◆ Required work ◆
Nothing but the lines from the start of the entries below through the line containing "ZURICH, SWITZERLAND - JULY" should appear in the answer, copied exactly and free of pictures.

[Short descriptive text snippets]
=== Section Start ===
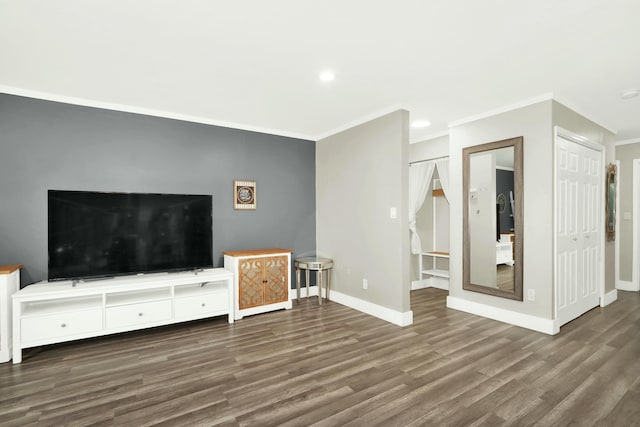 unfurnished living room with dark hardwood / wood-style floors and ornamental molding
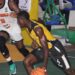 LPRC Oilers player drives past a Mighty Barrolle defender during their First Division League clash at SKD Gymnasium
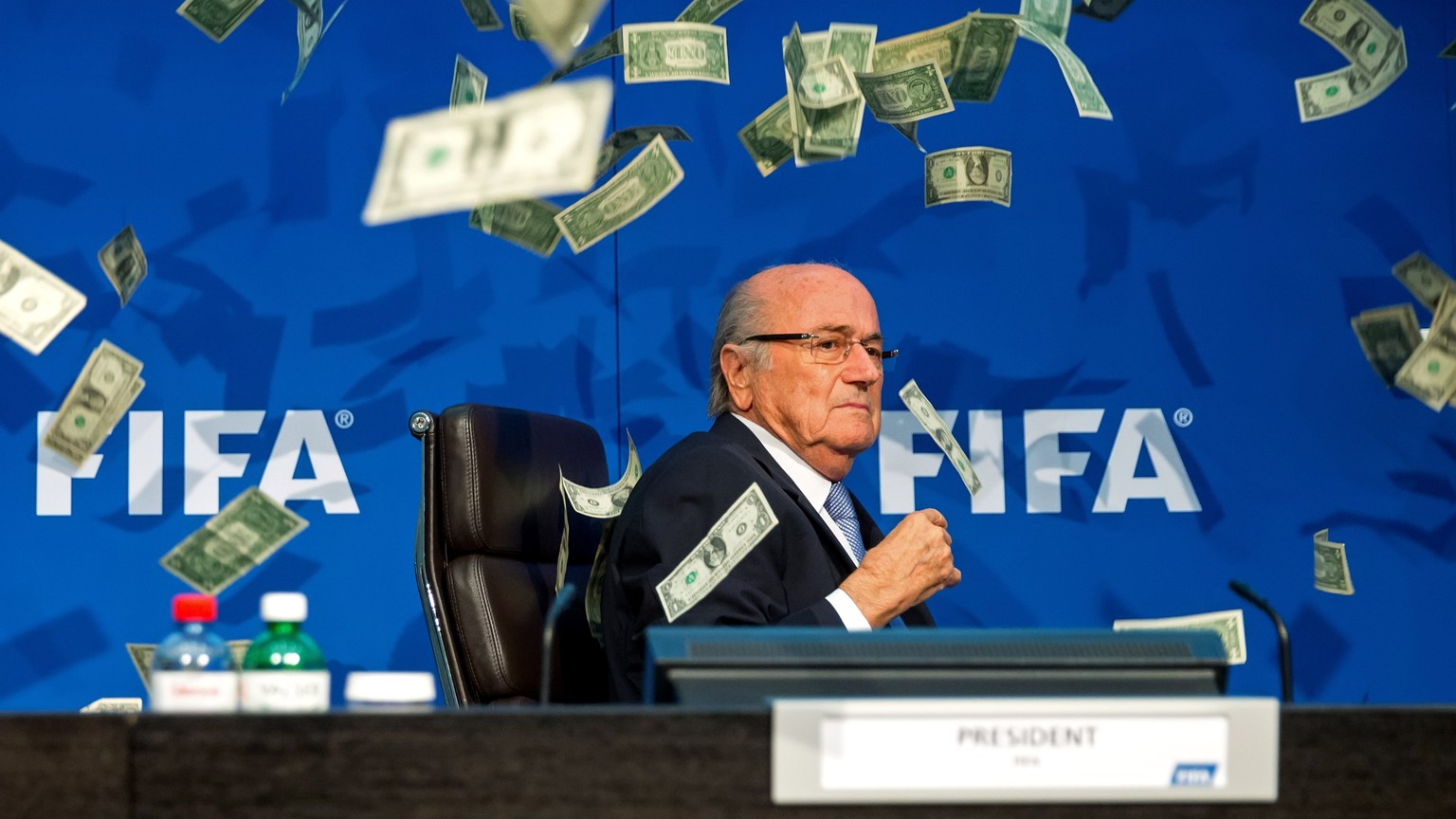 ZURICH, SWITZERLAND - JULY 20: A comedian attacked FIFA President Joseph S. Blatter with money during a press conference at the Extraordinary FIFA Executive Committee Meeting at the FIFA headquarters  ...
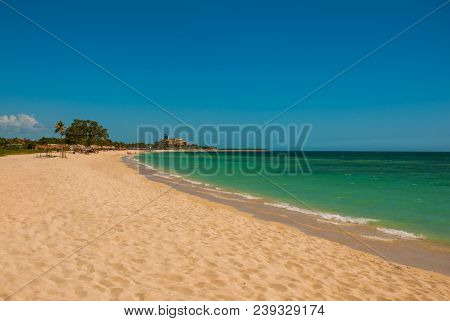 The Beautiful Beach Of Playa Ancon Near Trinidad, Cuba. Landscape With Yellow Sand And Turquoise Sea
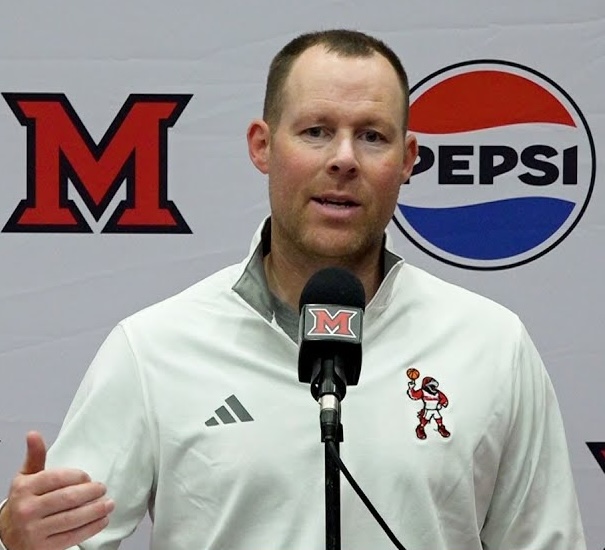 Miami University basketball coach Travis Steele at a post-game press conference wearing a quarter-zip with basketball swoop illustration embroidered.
=== Section End ===
◆ Expected output ◆
 unfurnished living room with dark hardwood / wood-style floors and ornamental molding
 LPRC Oilers player drives past a Mighty Barrolle defender during their First Division League clash at SKD Gymnasium
 ZURICH, SWITZERLAND - JULY 20: A comedian attacked FIFA President Joseph S. Blatter with money during a press conference at the Extraordinary FIFA Executive Committee Meeting at the FIFA headquarters  ...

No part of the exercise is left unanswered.